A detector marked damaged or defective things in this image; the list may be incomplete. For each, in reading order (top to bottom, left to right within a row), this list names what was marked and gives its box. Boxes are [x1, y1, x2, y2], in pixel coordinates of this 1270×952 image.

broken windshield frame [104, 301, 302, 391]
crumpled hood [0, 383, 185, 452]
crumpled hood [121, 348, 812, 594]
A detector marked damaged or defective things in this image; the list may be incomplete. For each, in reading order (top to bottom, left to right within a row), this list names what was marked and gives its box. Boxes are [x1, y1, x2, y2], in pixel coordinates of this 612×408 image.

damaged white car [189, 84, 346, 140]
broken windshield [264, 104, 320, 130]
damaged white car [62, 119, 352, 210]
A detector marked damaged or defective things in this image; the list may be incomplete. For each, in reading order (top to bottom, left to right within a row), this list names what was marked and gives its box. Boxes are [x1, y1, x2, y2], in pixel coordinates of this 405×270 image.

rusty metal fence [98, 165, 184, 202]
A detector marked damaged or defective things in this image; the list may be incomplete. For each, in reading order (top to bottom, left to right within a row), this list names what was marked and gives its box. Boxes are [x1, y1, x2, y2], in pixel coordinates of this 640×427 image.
——————————
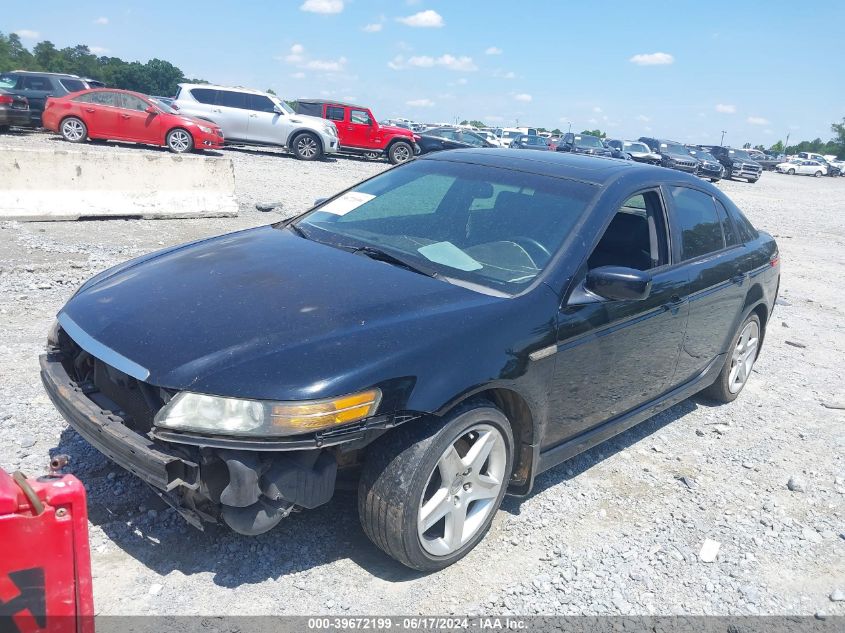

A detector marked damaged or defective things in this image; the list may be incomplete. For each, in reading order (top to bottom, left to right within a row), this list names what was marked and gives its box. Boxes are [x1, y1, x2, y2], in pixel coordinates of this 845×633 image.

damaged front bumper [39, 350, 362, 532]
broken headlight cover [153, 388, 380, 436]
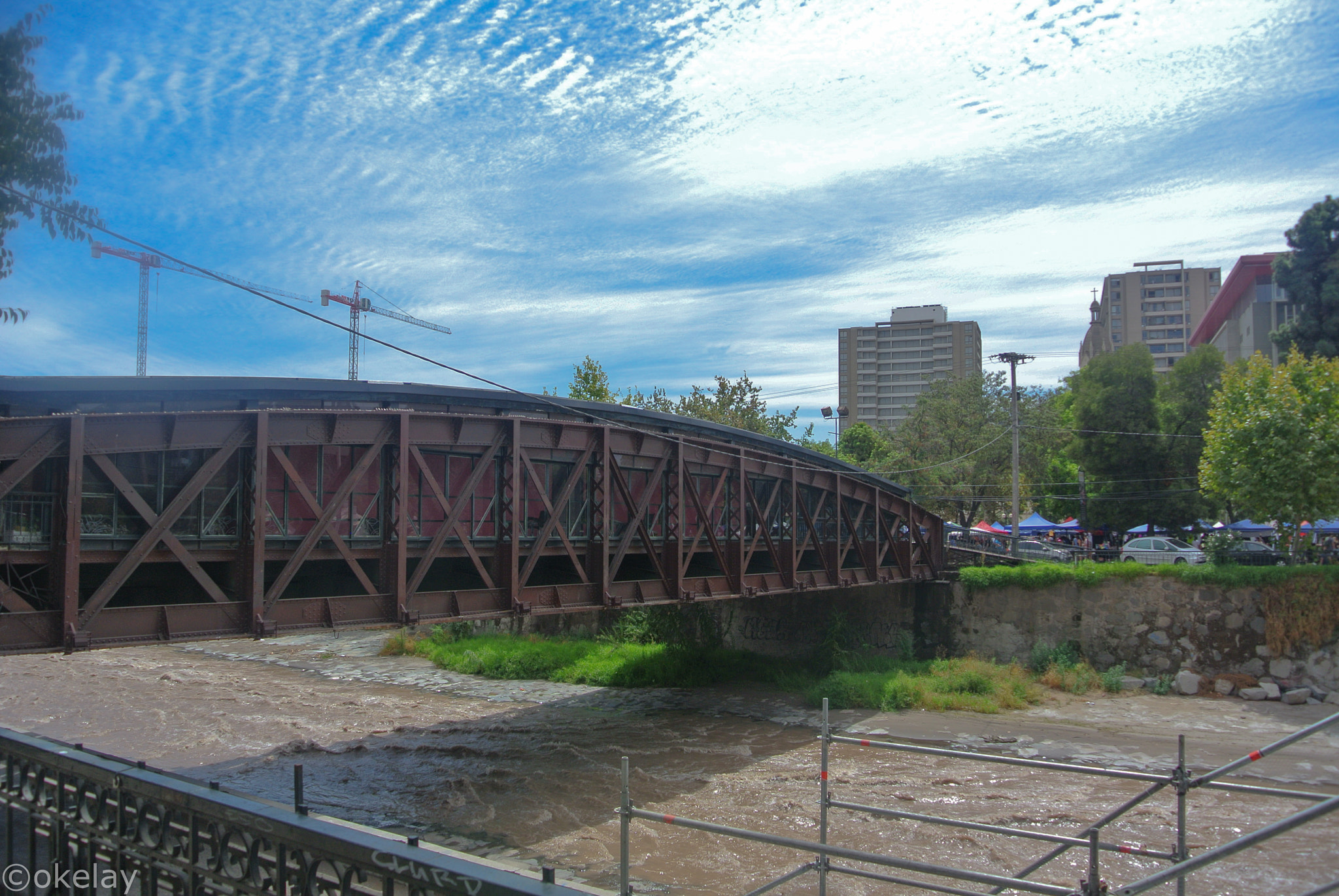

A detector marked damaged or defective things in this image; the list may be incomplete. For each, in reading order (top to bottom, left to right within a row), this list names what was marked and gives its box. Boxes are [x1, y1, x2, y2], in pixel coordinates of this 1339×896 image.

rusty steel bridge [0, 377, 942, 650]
——————————
After locating the line with "this 1270×952 image." above, return that line and every later line through the one with "this 640×427 image.", word for word and with nothing else.

- WRITTEN SOLUTION
A detector marked damaged or defective things in this image; the list may be incomplete. For each, in reading order (top to bottom, left to right within a row), this list names what was marked and gives its box. Boxes are [x1, y1, x2, y2], in pixel coordinates of this 1270×952 image.

broken windshield frame [104, 301, 302, 391]
crumpled hood [0, 383, 185, 452]
crumpled hood [121, 348, 812, 594]
A detector marked damaged or defective things in this image; the list may be incomplete. For each, in reading order (top to bottom, left to right within a row), this list names what was marked and gives its box. Boxes are [x1, y1, x2, y2], in pixel coordinates of this 612×408 image.

damaged white car [189, 84, 346, 140]
broken windshield [264, 104, 320, 130]
damaged white car [62, 119, 352, 210]
A detector marked damaged or defective things in this image; the list may be incomplete. For each, in reading order (top to bottom, left to right within a row), this list names what was marked and gives its box. Boxes are [x1, y1, x2, y2], in pixel coordinates of this 405×270 image.

rusty metal fence [98, 165, 184, 202]
A detector marked damaged or defective things in this image; the list may be incomplete. For each, in reading order (top to bottom, left to right within a row), this list names what was marked and gives its box. Boxes are [x1, y1, x2, y2], in pixel coordinates of this 640×427 image.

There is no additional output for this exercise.